Does this make sense to anyone? I hope I explained it clearly. It has me stumped, and I'm not sure what to do to fix the problem!


----------



## Randy_ (Feb 7, 2006)

Angela:  I'm reasonably certain that I know what the problem is with your Executive.  First, let me say that your thinking is correct about the pen length.  All other things being equal, if the tip does not stick out when extended by the transmission, then the barrel is too long, not too short.  You could also have this same symptom with a barrel of the correct length if there is a problem with a piece of the hardware.  

By any chance is there a picture of the problem pen in your gallery..... possibly this one? 







It would a great help to me to see a picture of the problem pen to confirm my thinking as it is extremely difficult to diagnose problems like this from long distance with just a written description!!

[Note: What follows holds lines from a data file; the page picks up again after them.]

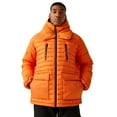 thumbnail image 3 of Regatta Mens Christian Lacroix Congenies Short Padded Jacket, 3 of 5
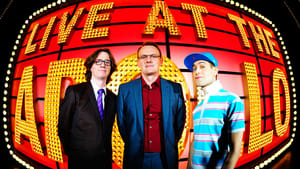 Sean Lock, Ed Byrne, Lee Nelson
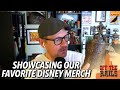 Showcasing Our Favorite Disneyland and Walt Disney World Memorabilia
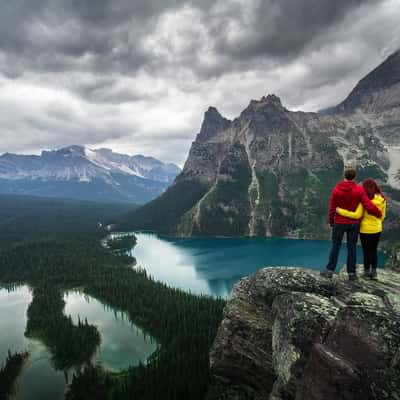 Lake O'Hara, Canada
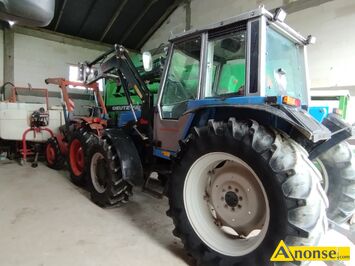 Anonse CIGNIK, LANDINII 9080, 3300mth, rok 1997,silnik 4perkins z turbina 87km, z adowaczem samopoziomujacy, sprowadzony, zarejestrowany, stan ba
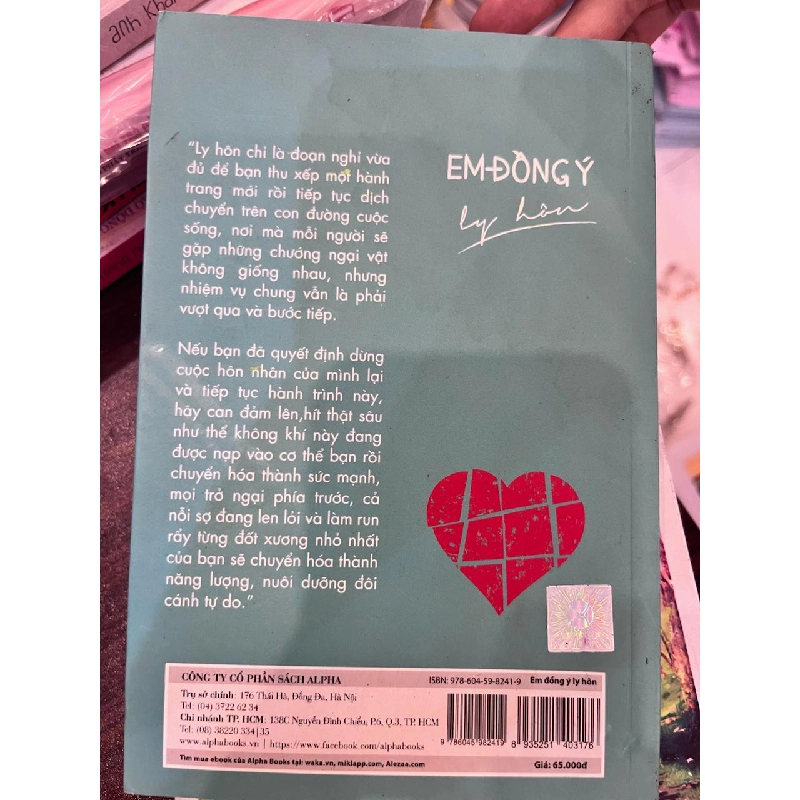 Em Đồng Ý Ly Hôn - Chúy - Chúy 957655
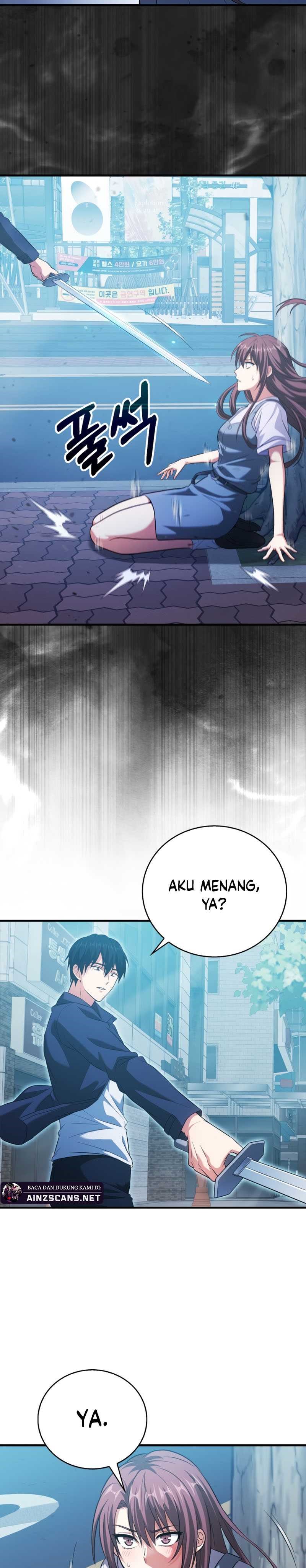 Max Talent Player Chapter 27 Gambar 19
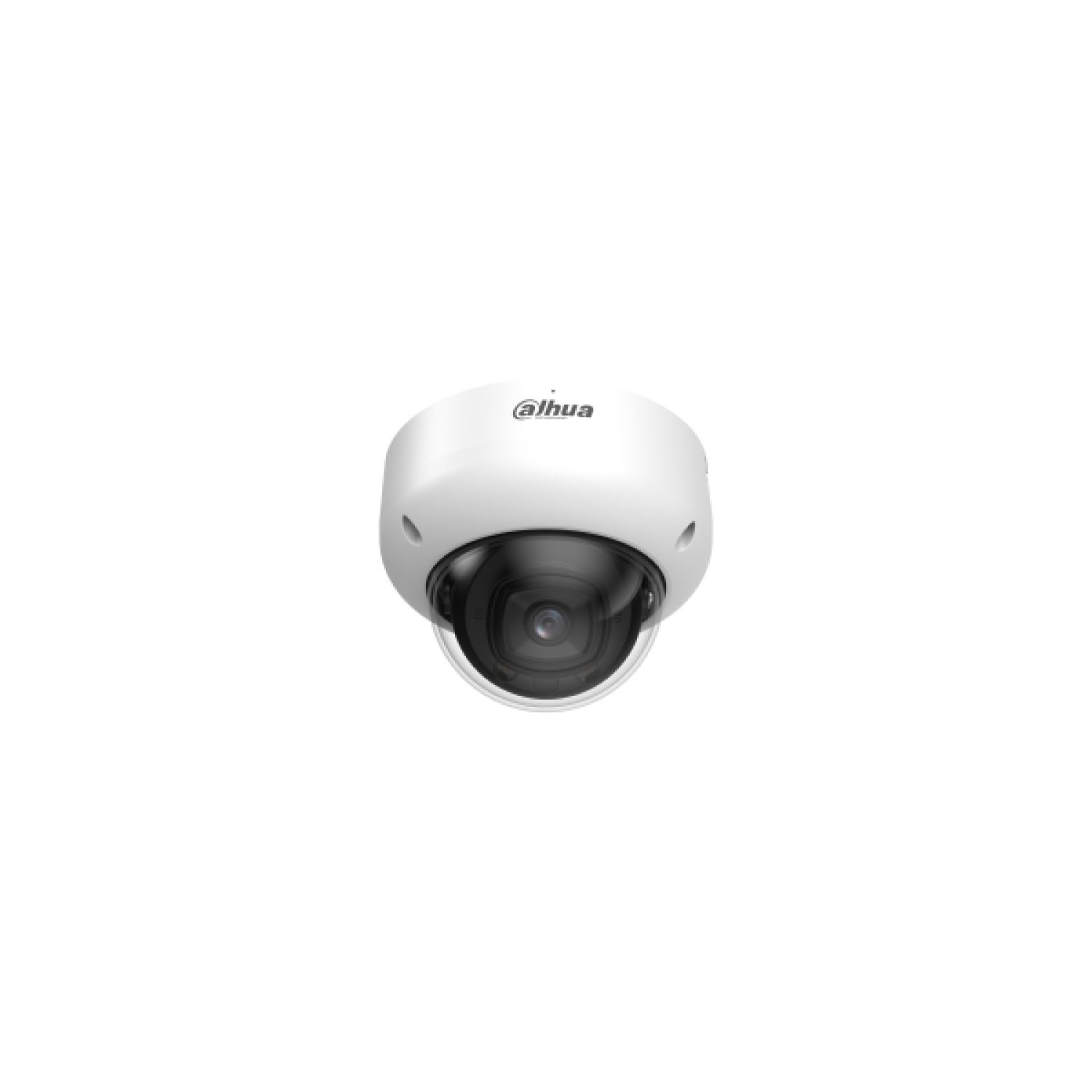 Dahua Cámara IP Minidomo · 5MP · IR 50M · IP67/IK10 · PoE · 2,8mm · MicroSD 1TB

So much for the "waffle."  I think that either your transmission or your clip/coupler is defective.  One or the other or both are not permitting the transmission to seat far enough into the pen body to make the cartridge tip stick out the other end.  I think there is something wrong with the female threads in the transmission or the male threads in the coupling that is not permitting the transmission to screw far enough into the pen body.  

And the reason  I say this is as follows.  Notice the coupler in the picture.  It has two little  ridges separated by a wider flat section.  Notice also that above the top ridge(the one to the left) there is another wide(relatively speaking), flat depression visible between the upper ridge and the step in the pen cap.  Hope I am making this clear for you??  I think that the step in the cap should be flush with the upper ridge and that there should be no gap there.  I believe the gap exists because the transmission is not screwed far enough into the barrel of the pen.  

If you have another working Executive, switch caps and transmissions.  If the problem moves with the transmission, it is the problem.  If the problem remains with the original pen, the coupler is the problem.   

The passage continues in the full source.